#### [Task prompt]
Restate the records below word for word, and omit the images they hold.

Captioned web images
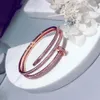 2019 Популярный бренд S925 Серебряное покрытие S Nail Bracelet Двойной кольцевой браслет классический дизайн тренд модный танцевальный вечерин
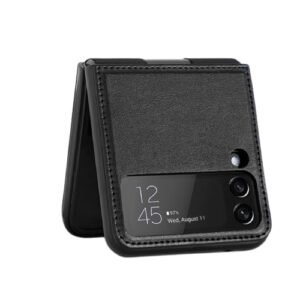 Back Cover Case For Samsung Galaxy Z Flip4 Shockproof Protective Luxury Leather Kickstand Case For Men Boys Featured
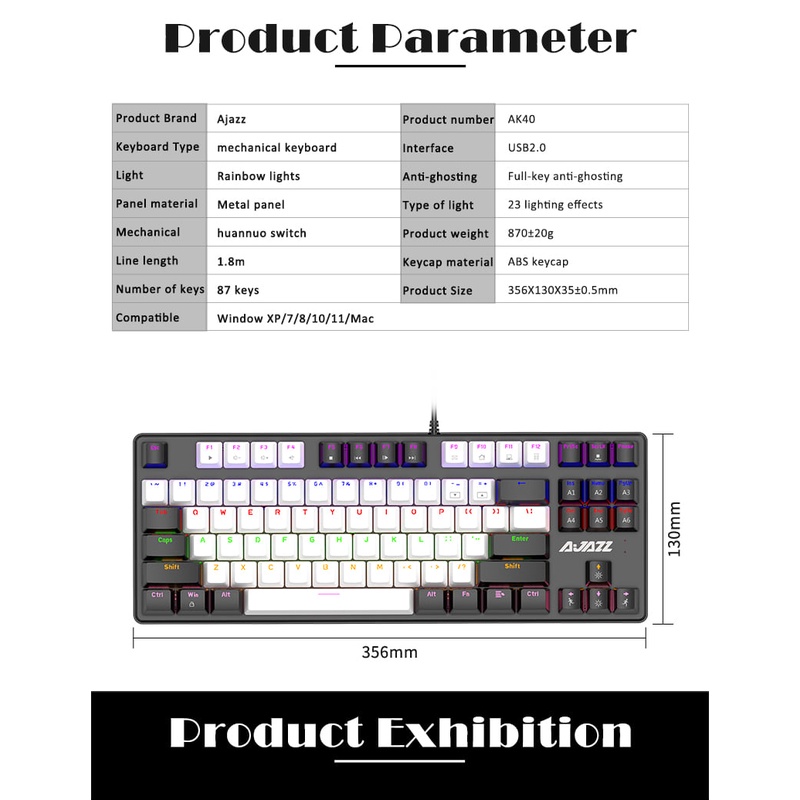Bàn phím cơ Ajazz AK40 chính hãng bảo hành 2 năm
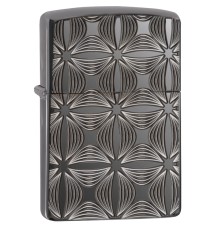 Зажигалка ZIPPO Armor® с покрытием Black Ice®, латунь/сталь, чёрная, глянцевая, 37х13x58 мм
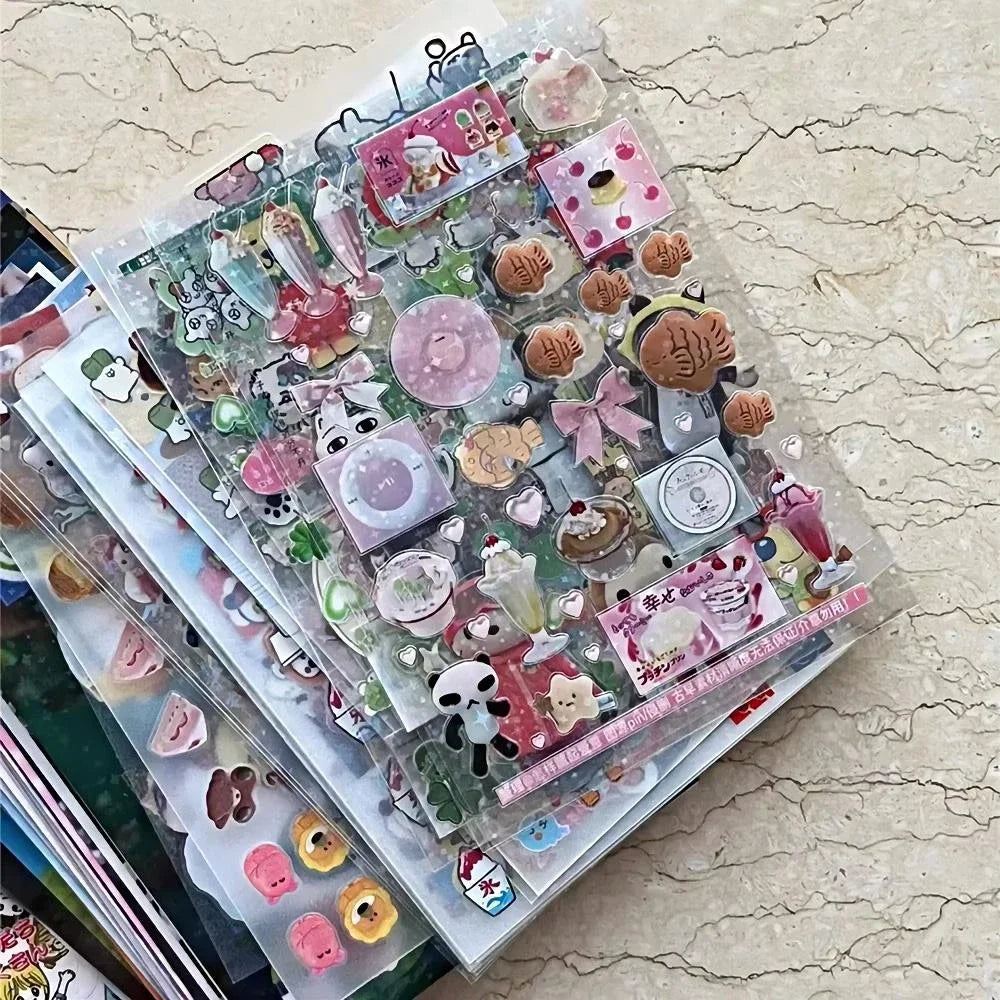 10Pcs Glitter Transparent PET Stickers Toploader Scrapbooking Kawaii Journal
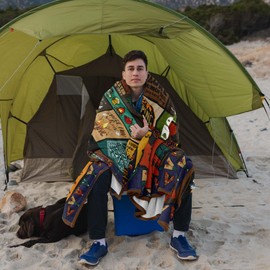 Camping Gifts for Women/Men, Camping Blanket for Camping Lovers, Camping Lovers Gift Ideas, Campevan Gift Accessories, Campsite Outdoors Couch Travel Hiking Bed Sofa, Camper Outdoor Blanket 150X130CM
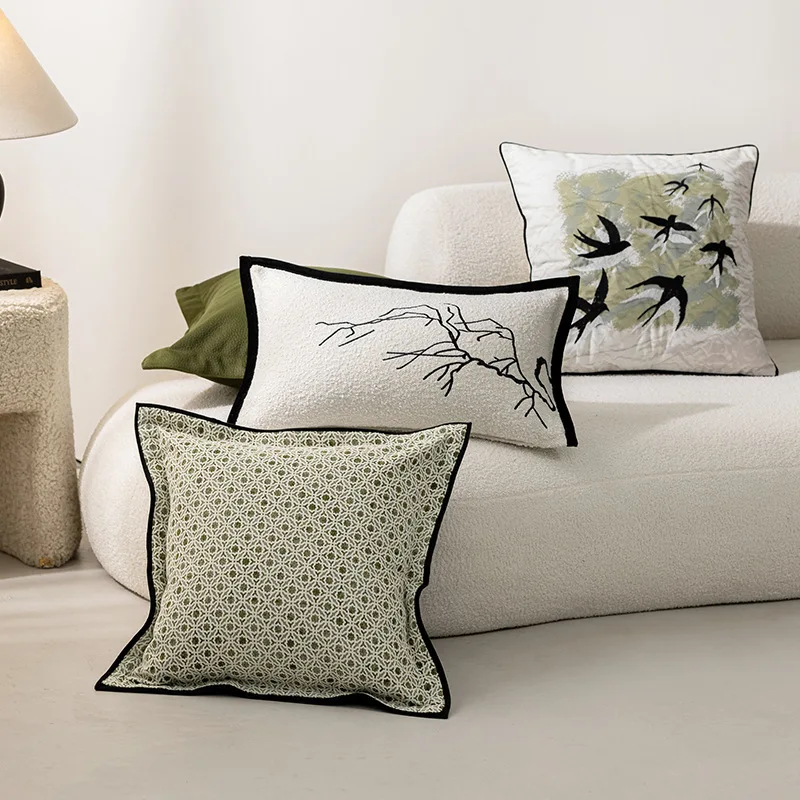 30X50/45X45CM Green Throw Pillow Cover Nordic Embroidered Stamping Waist Cushion Cover Decor Home Decorative Pillowcase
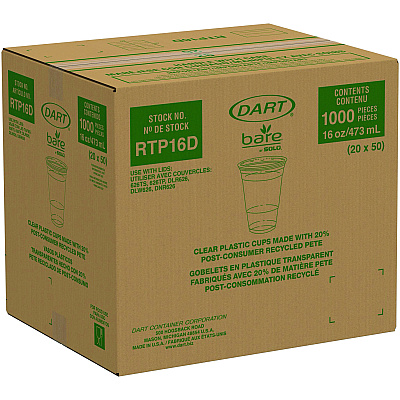 Dart Bare Eco-Forward RPET Cold Cups, ProPlanet Seal, 16 oz to 18 oz, Leaf Design, Clear, 50/Pack, 20 Packs/Carton (DCCRTP16DBARECT)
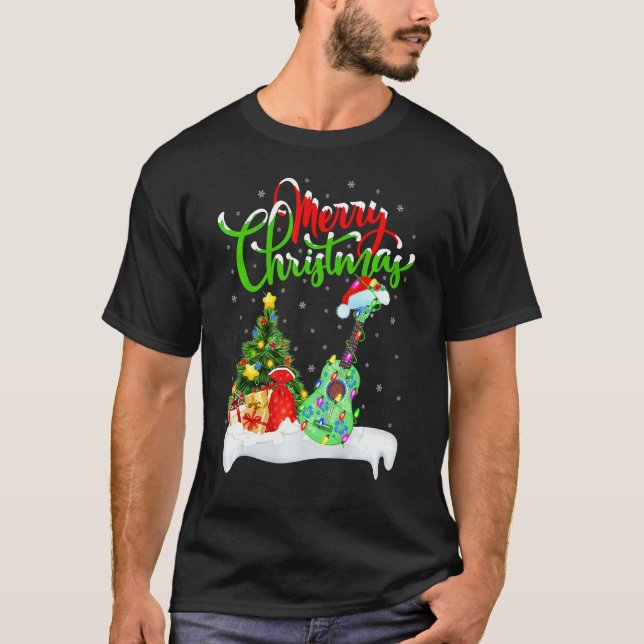 Ukulele Music Xmas Lighting Santa Ukulele Christma T-Shirt (Front)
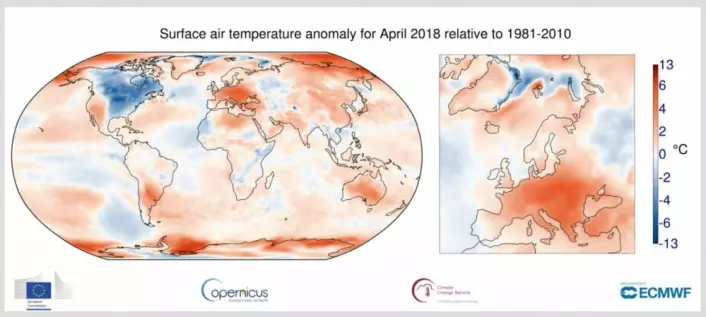 April var kald i Nord-Amerika og varm i Europa, mens La Nina sang på siste verset. (Bilde: Copernicus C3S / ECMWF)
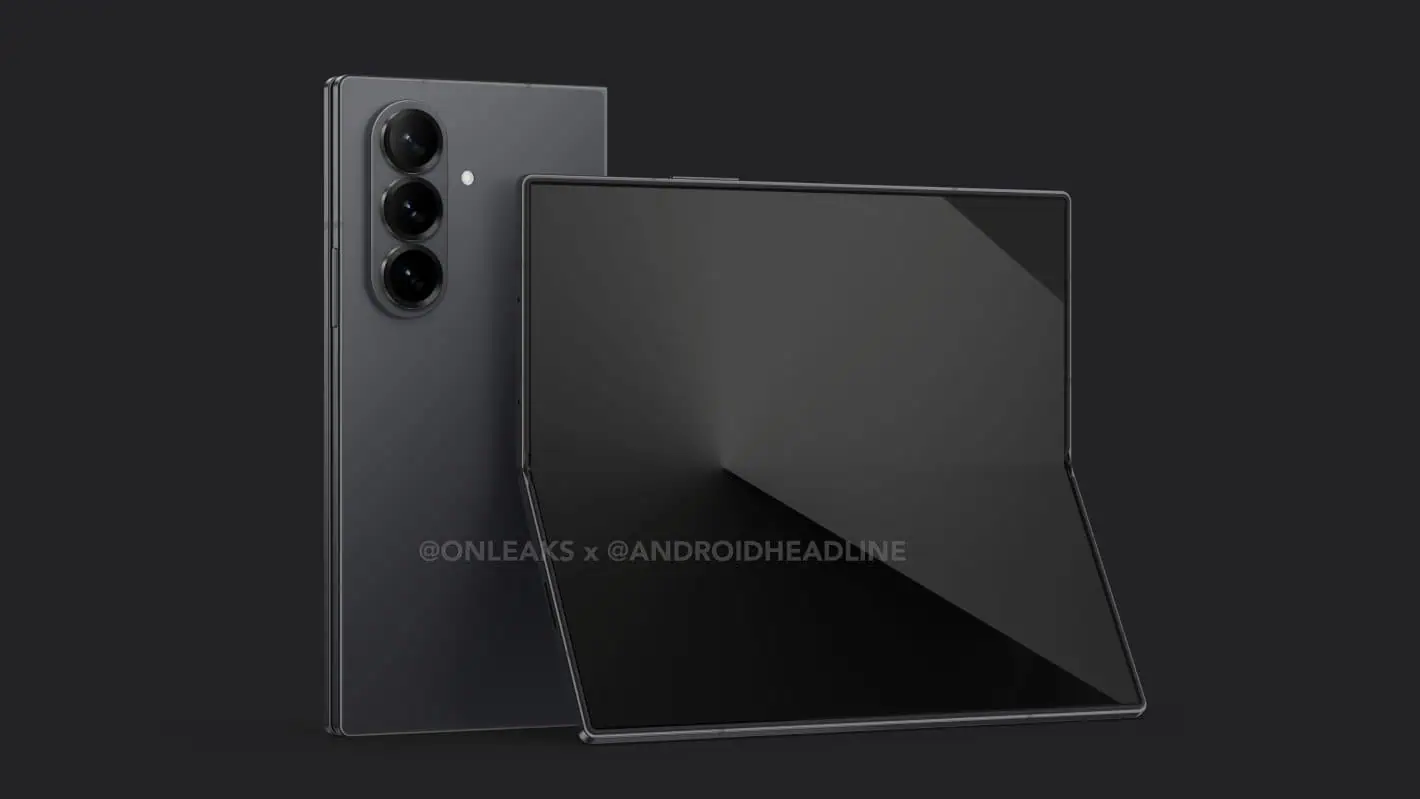 3D renders of the Samsung Galaxy Z Fold 7 based on information sourced from leaked information and rumor.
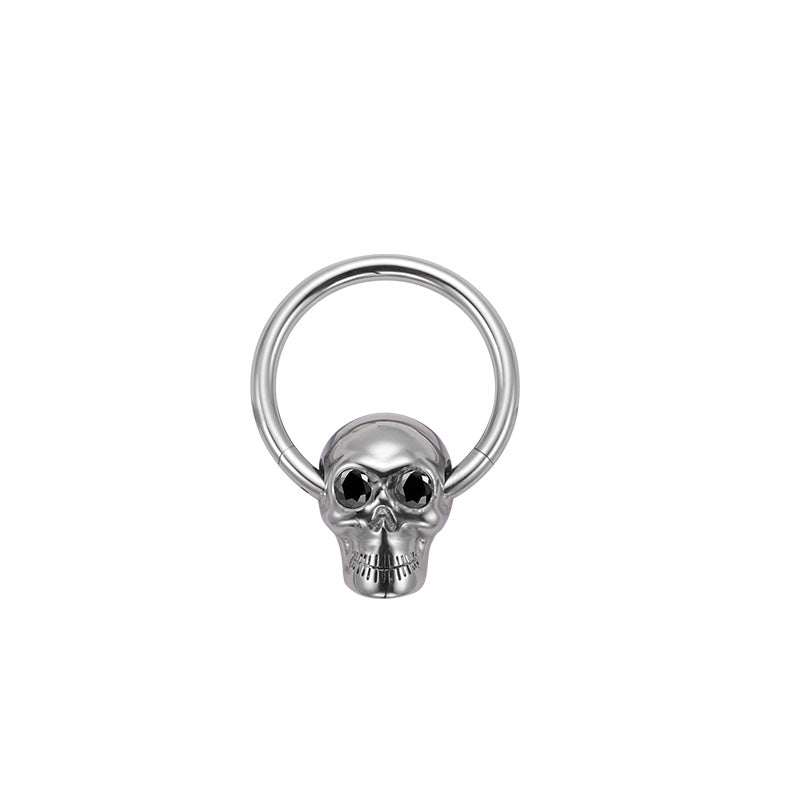 ZOOR Titanium Skull Hinged Clicker Hoop With CZ Eyes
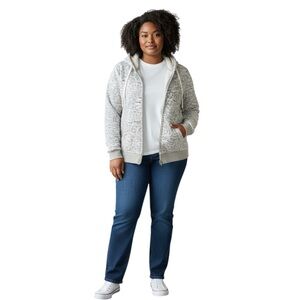 SOHO Neutral Animal Print Women’s Textured Hoodie Plus Size XXL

#### [Answer for this exercise]
 2019 Популярный бренд S925 Серебряное покрытие S Nail Bracelet Двойной кольцевой браслет классический дизайн тренд модный танцевальный вечерин
 Back Cover Case For Samsung Galaxy Z Flip4 Shockproof Protective Luxury Leather Kickstand Case For Men Boys Featured
Bàn phím cơ Ajazz AK40 chính hãng bảo hành 2 năm
 Зажигалка ZIPPO Armor® с покрытием Black Ice®, латунь/сталь, чёрная, глянцевая, 37х13x58 мм
 10Pcs Glitter Transparent PET Stickers Toploader Scrapbooking Kawaii Journal
 Camping Gifts for Women/Men, Camping Blanket for Camping Lovers, Camping Lovers Gift Ideas, Campevan Gift Accessories, Campsite Outdoors Couch Travel Hiking Bed Sofa, Camper Outdoor Blanket 150X130CM
 30X50/45X45CM Green Throw Pillow Cover Nordic Embroidered Stamping Waist Cushion Cover Decor Home Decorative Pillowcase
 Dart Bare Eco-Forward RPET Cold Cups, ProPlanet Seal, 16 oz to 18 oz, Leaf Design, Clear, 50/Pack, 20 Packs/Carton (DCCRTP16DBARECT)
 Ukulele Music Xmas Lighting Santa Ukulele Christma T-Shirt (Front)
 April var kald i Nord-Amerika og varm i Europa, mens La Nina sang på siste verset. (Bilde: Copernicus C3S / ECMWF)
 3D renders of the Samsung Galaxy Z Fold 7 based on information sourced from leaked information and rumor.
 ZOOR Titanium Skull Hinged Clicker Hoop With CZ Eyes
 SOHO Neutral Animal Print Women’s Textured Hoodie Plus Size XXL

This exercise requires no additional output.